# Writing a paper on Cessationism. What is orthodoxy?



## sgemmen9 (Feb 16, 2012)

I am writing a paper on Reformed Orthodoxy and the "proper" way of understanding Cessationism in light of the Westminster Confessions. I believe this idea of Cessationism comes from the Westminster Confession, chapter 1, articles 1 and 6. I want to hear what the orthodox position is from YOU and if I am on target by beginning with these articles in my research. I am in very, very early stages of my research process. So to start the discussion....

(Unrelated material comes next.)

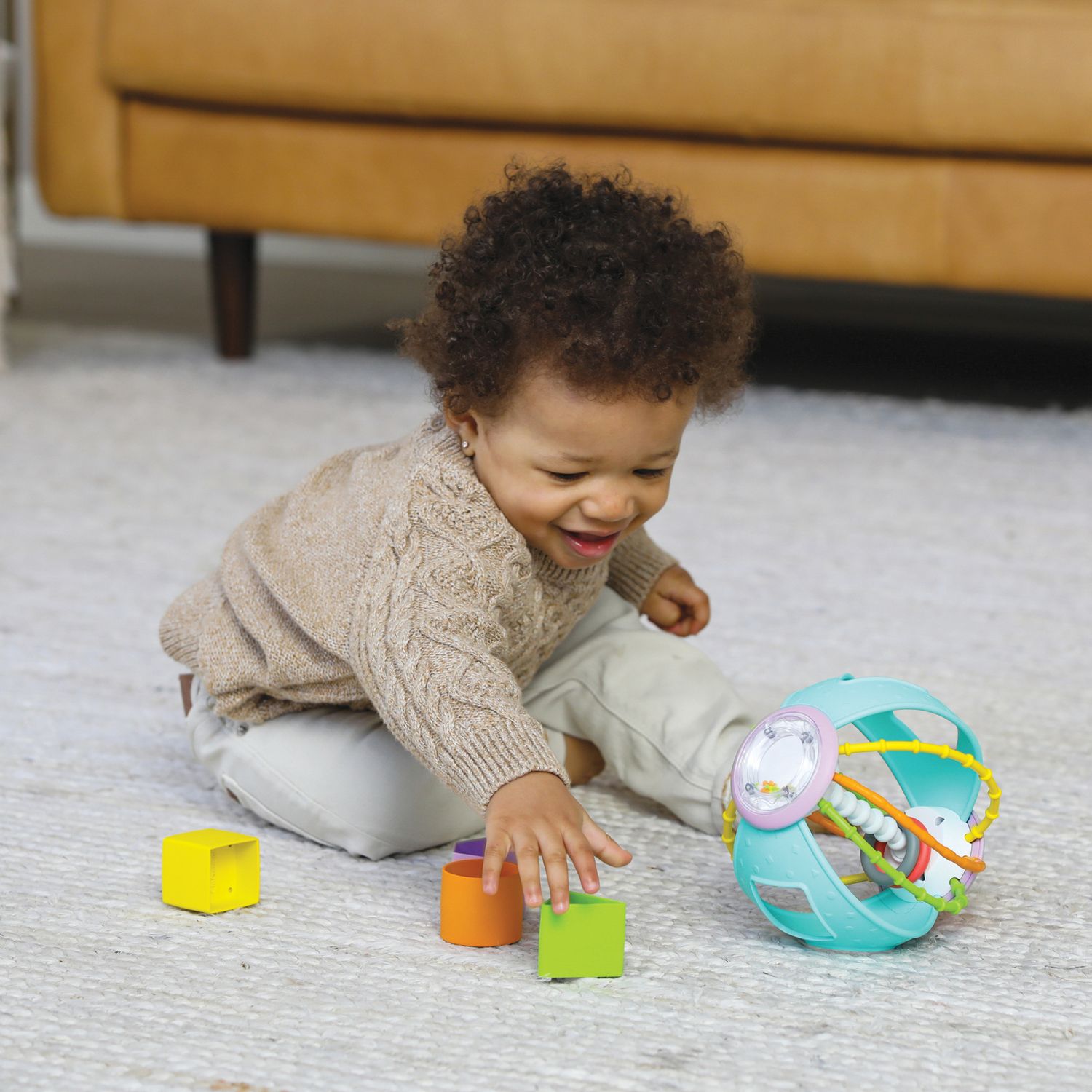 Palla attività con formine - sviluppa motricità e coordinazione - colori vivaci - da 6 mesi - b-kids - B-KIDS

-Is my focus on chapter 1, articles 1 and 6 on target?
-Have tongues ceased? If so, on what basis?
-If gifts have ceased, what about revelation like Muslims seeing Christ? Or revelation points others towards Jesus and His Word? (e.g. an audible voice in a persons' head and so forth).

I'd love to hear some thoughts on this....


----------



## Andres (Feb 16, 2012)

1. Yes. 
2. Yes. They were a specific gift for a specific time. 
3. What about them? You already referenced WCF 1.1 "those former ways of God's revealing his will unto his people being now ceased."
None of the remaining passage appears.